REMEMBERING SAL CASTRO.
Some 45 years ago Sal Castro told me, “You’ve got a good head on your shoulders – for a guerito – go out and do something good for yourself and for your gente.” He said it with a wicked smile and a knowing nod of his head. That was back in 1968 when I was a student of Sal Castro’s at Lincoln High School. I had just learned that I’d been accepted to college and stopped by his classroom after school to share the news. I never forgot what he said to me all those years ago – through college and through a professional career in journalism. He always good-naturedly kidded me about being a blondish, fair skinned Chicano. (The hair is long gone.) Sal was always alternately serious and playful. He had a great sense of humor. And he had a steely determination to stand up for equality and justice, and he tried to instill that determination in his students.
We lost Sal recently. He was 79 years old. He fought cancer for the last few years of his life. Cancer eventually won that battle. But Sal won many battles throughout his life. He was the catalyst and inspiration for the 1968 Eastside high school walkouts. He fought against racism and discrimination throughout his professional life. He stood up to school administrators and school officials whom we can charitably describe as “insensitive” to the needs of Chicano students. He had courage, the trait I admire most.
He urged students in 1968 to walk out of school, to stage a massive student strike. It took courage for the students to do that, inasmuch as we were threatened with expulsion – or worse—by school administrators who knew the walkouts were likely coming. I certainly wasn’t a leader or organizer of the walkouts. Others in my class took on that role. They were often clumsy and unsophisticated as leaders, but they ended up doing an admirable job when all was said and done. It was a remarkable achievement. Sal helped the students realize that something was wrong and that we could do something about it. Because of the walkouts, the city of Los Angeles, and the country, had to sit up and take notice of Chicano students and their desire for a better education than they were getting in the segregated schools. And Sal was the spirit and conscience of that entire endeavor, at great personal cost to him. I walked out with a notebook and a tape recorder. I was the editor of the student paper, “The Railsplitter,” and the walkouts were my first Big Story.

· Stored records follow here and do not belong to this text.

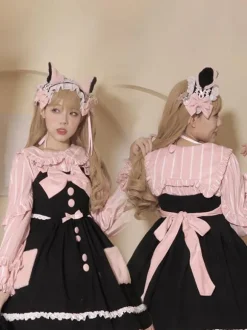 Sweet Lolita Blouses Ruffles Lolita Top Long Sleeves Blouse White Lolita Shirt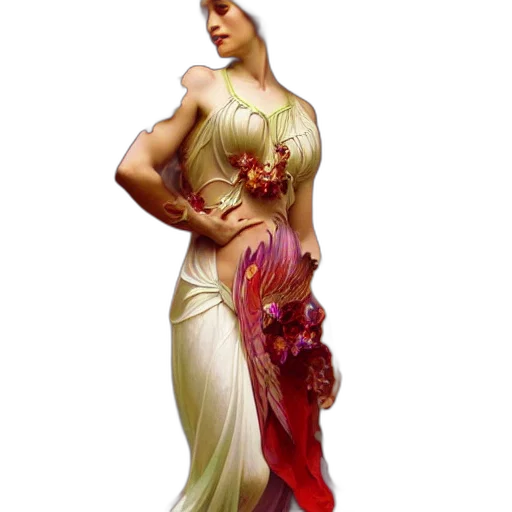 dress, jewelry, fantasy art, concept art transparent PNG cut-out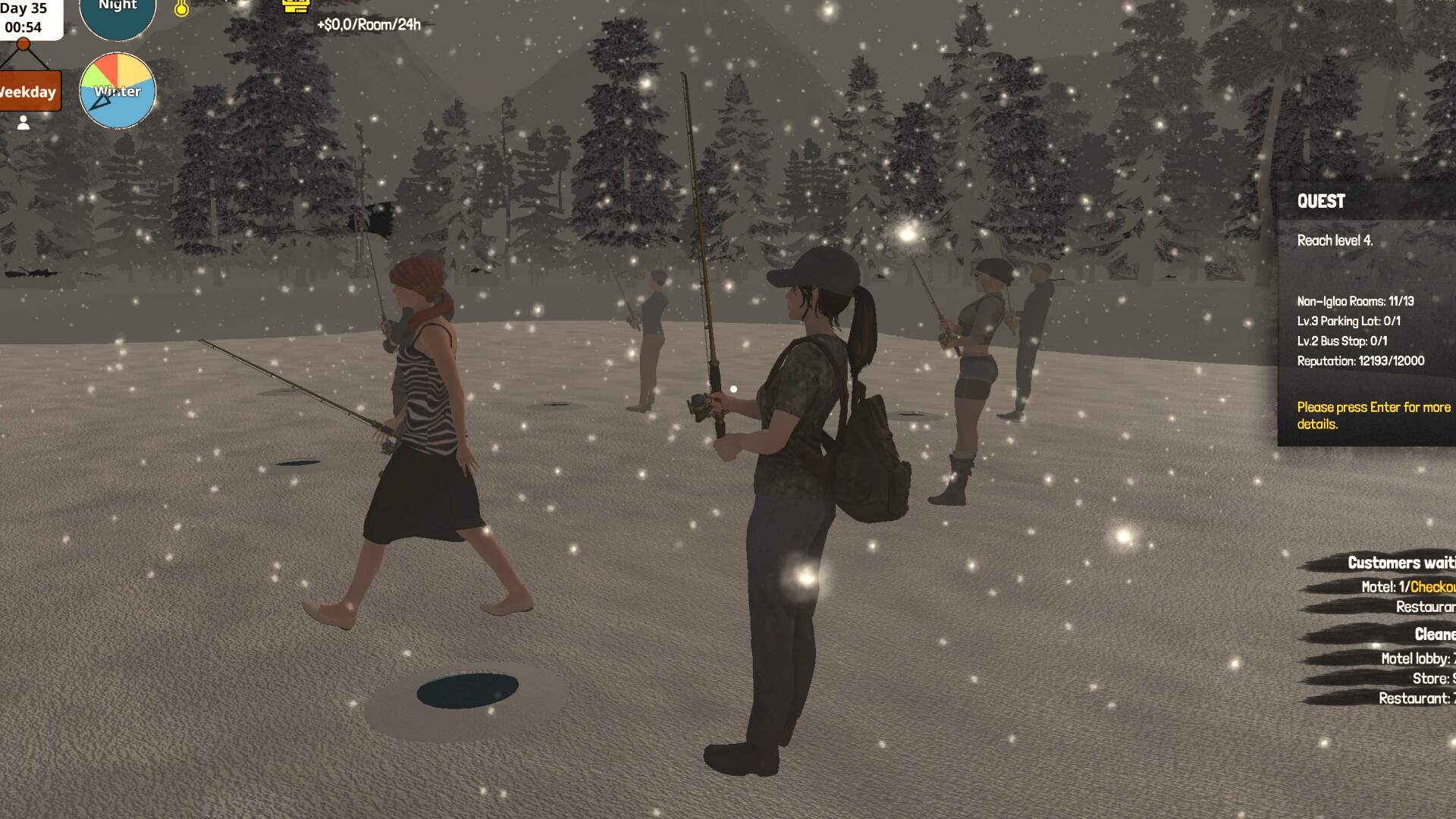 《北极汽车旅馆模拟器/Arctic Motel Simulator》PC中文版下载-含v3.0.2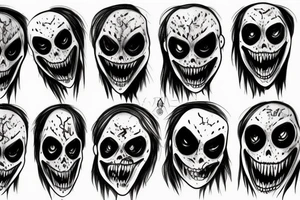 scary, demonic presence, slenderman tattoo idea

But the walkouts were just the beginning of the story for Sal. He was fired. He faced criminal charges and his personal life was shattered in the immediate aftermath of the walkouts. But the Chicano community rallied around him and with a great deal of effort and, yes, with a good amount of courage, the community was able to get Sal back into the classroom and force school authorities to begin the process of improving education for Chicano kids. We owe a great deal to Sal.
His tireless work sparked a process of change within the Los Angeles Unified School District and beyond. It was a glacially slow process for some, but it was clear things would not be the same after the walkouts. Some of that change was evident when I attended a ceremony at the hearing room of the LAUSD School Board on March 4, 2008. It was organized by Monica Garcia, president of the school board. (Imagine that. A progressive Chicana as head of the school board; that would have been unheard of in 1968.) Along with Sal Castro and other students from Lincoln and from Garfield we were there to receive certificates celebrating our participation in the walkouts. Again, something seemingly unheard of. What I remember about that day a few years ago was how the Earth seemed to be turned upside down.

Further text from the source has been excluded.